The ex-president, who recently rented a house in a gated community in Brasilia, has said he plans to criss cross Brazil "doing politics" and "upholding the banner of conservatism."

But "I'm not going to lead any opposition," he told CNN Brasil Wednesday.

"You don't have to oppose this government. It creates the opposition by itself."

Return of the 'Messiah'
Die-hard Bolsonaro fan Katia Lima Araujo said she had arrived at PL headquarters at 4:00 am to welcome the man supporters call "Messiah" -- or "Messias," Bolsonaro's middle name.

"I didn't even sleep. I couldn't -- I just want to see the president. I'm very happy he's back," the 63-year-old civil servant told AFP.

There, Bolsonaro also reunited with his wife, Michelle, a telegenic Evangelical Christian who has herself been touted as a potential presidential candidate, and who returned to Brazil before him to take up a job as leader of the PL women's wing.

Bolsonaro, who never explicitly conceded defeat after the October 2022 election, instead holing up in the presidential palace in silence, had a peculiar sojourn in Florida.

He stayed in the home of a Brazilian ex-mixed martial arts champion near Disney World, and was photographed meandering the aisles of a local supermarket and eating fried chicken alone at a KFC fast-food restaurant.

He said he had been "reinvigorated" by his stay in the land of his political role model, former US president Donald Trump.

Supporters hope his return will now reinvigorate the opposition, which has been weakened by Bolsonaro's self-imposed exile and widespread backlash to the violence and destruction of the January 8 riots.

"We've had five months of a basically dismantled opposition.

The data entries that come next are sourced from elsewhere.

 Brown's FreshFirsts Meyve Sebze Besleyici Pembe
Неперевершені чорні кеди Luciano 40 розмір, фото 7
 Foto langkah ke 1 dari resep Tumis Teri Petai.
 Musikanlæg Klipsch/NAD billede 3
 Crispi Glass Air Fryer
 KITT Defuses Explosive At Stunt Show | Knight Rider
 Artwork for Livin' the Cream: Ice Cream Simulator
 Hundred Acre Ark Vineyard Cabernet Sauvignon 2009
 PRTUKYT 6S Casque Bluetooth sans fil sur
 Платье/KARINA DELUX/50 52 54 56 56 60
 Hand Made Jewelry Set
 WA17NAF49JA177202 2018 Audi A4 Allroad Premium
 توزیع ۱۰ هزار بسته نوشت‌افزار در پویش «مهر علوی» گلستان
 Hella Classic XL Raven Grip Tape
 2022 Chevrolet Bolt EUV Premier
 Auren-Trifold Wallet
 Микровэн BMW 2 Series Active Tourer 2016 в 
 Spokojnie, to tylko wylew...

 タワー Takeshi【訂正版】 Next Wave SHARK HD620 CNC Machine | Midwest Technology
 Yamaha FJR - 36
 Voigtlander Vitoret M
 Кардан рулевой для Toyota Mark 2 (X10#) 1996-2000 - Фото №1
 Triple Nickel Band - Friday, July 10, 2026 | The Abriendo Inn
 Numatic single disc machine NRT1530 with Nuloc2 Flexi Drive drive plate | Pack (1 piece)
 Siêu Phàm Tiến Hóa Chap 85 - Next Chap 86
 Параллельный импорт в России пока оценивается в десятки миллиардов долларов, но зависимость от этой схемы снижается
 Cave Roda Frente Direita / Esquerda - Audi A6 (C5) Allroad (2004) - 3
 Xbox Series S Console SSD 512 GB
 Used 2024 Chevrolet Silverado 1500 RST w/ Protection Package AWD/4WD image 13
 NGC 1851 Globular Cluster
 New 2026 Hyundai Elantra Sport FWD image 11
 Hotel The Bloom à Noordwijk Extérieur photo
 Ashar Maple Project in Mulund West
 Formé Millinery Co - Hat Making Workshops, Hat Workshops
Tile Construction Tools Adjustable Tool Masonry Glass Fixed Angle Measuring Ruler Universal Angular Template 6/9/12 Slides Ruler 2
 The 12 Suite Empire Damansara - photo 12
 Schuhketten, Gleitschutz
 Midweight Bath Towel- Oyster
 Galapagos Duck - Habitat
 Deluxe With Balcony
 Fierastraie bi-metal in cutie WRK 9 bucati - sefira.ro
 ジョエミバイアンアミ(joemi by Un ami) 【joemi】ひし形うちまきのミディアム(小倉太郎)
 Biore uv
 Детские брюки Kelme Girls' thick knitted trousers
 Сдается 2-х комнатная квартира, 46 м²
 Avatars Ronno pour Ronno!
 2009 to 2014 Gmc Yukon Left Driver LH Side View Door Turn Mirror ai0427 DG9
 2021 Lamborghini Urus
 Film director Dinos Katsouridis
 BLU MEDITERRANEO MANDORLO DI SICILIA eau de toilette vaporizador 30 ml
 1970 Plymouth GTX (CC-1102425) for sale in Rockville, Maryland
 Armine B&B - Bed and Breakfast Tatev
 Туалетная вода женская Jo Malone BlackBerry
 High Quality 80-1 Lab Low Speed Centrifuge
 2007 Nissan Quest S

Now, Bolsonaro's return to Brazil looks set to unite the right," political analyst Jairo Nicolau of the Getulio Vargas Foundation told AFP.

Legal trouble
But Bolsonaro faces numerous legal woes.

They include no less than five Supreme Court investigations that could send him to jail, including for allegedly inciting the Brasilia riots.

And he has been swept up in a scandal over allegations he tried to illegally import and keep millions of dollars' worth of jewelry given to him and his wife by Saudi Arabia in 2019.

He also faces 16 cases before Brazil's Superior Electoral Tribunal (TSE), which could strip him of his right to run for office for eight years, taking him out of the 2026 presidential race.